If an accident occurs due to a faulty product, the question of liability often arises. Is the manufacturer, the retailer or perhaps even the customer responsible?
First of all, a distinction must be made between damage to a faulty product and damage caused by a faulty product. The former can often be exchanged for a flawless product from the manufacturer. However, if there is a serious accident due to damage to the product, the material damage or, worse still, personal injury must be paid for by the manufacturer involved. This damage can quickly result in costs in the millions. The customer can generally turn to the manufacturer and claim compensation, as the manufacturing company is responsible for the quality of its products.
In Germany and the other EU member states, these legal disputes are uniformly regulated by the Product Liability Act. Put simply, in the event of damage, the manufacturer is liable regardless of which country the company comes from within the European Economic Area. As a customer or end consumer, you are therefore generally well protected and not involved in complex contractual disputes between the various players.
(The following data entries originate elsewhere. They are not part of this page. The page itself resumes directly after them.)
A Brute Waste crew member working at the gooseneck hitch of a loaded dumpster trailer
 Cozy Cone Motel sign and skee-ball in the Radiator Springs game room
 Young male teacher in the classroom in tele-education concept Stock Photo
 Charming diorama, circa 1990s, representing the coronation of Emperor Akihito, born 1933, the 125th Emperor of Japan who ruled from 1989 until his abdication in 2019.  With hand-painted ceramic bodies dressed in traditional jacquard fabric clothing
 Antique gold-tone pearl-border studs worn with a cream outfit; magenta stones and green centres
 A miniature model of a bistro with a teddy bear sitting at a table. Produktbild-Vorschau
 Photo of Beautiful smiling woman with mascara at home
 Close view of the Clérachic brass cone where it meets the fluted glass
If a company imports goods from a third country into the European Union, the situation changes. According to the Product Liability Act, the person placing the goods on the market in the EU is liable to prosecution. This means that the importer is now responsible for the purchased goods and no longer the manufacturer, as is the case with European domestic trade. Exceptions may apply if a declaration of assumption of liability has been signed between the business partners.
However, there are also ways for importers to avoid claims for damages. Product damage can be prevented by imposing specific requirements on the manufacturer that comply with European safety standards. The importer should also carry out sufficient quality testing on the products. Manufacturers, importers or intermediaries can also take out insurance. These product liability insurance policies cover the costs arising from property damage, personal injury or other expenses.
Insurance also minimizes the risk of manufacturers having to file for insolvency due to enormous claims for damages and customers being left with their costs.
For many customers, a guarantee is a safeguard and therefore increases the incentive to buy. However, many people often confuse the meaning of guarantee and warranty.
The warranty for a specific commercial good is enshrined in the German Civil Code. It comes into force from the time of purchase and can be claimed by the customer if defects occur in the product that are not due to wear and tear. The warranty is normally valid for two years. In the event of damage, the product can be returned and either repaired or exchanged for a new item.
The statutory warranty obligation also applies to imports from abroad. The prerequisite for this is that the intermediary is also located in Germany.
In contrast to the warranty, the guarantee is a voluntary service provided by the company. With a guarantee, the manufacturer promises to rectify any defects that occur in the future free of charge. There are no legal requirements. Guarantees usually serve to create a basis of trust and thus increase the probability of concluding a contract. The period during which the guarantee is valid usually exceeds that of the warranty.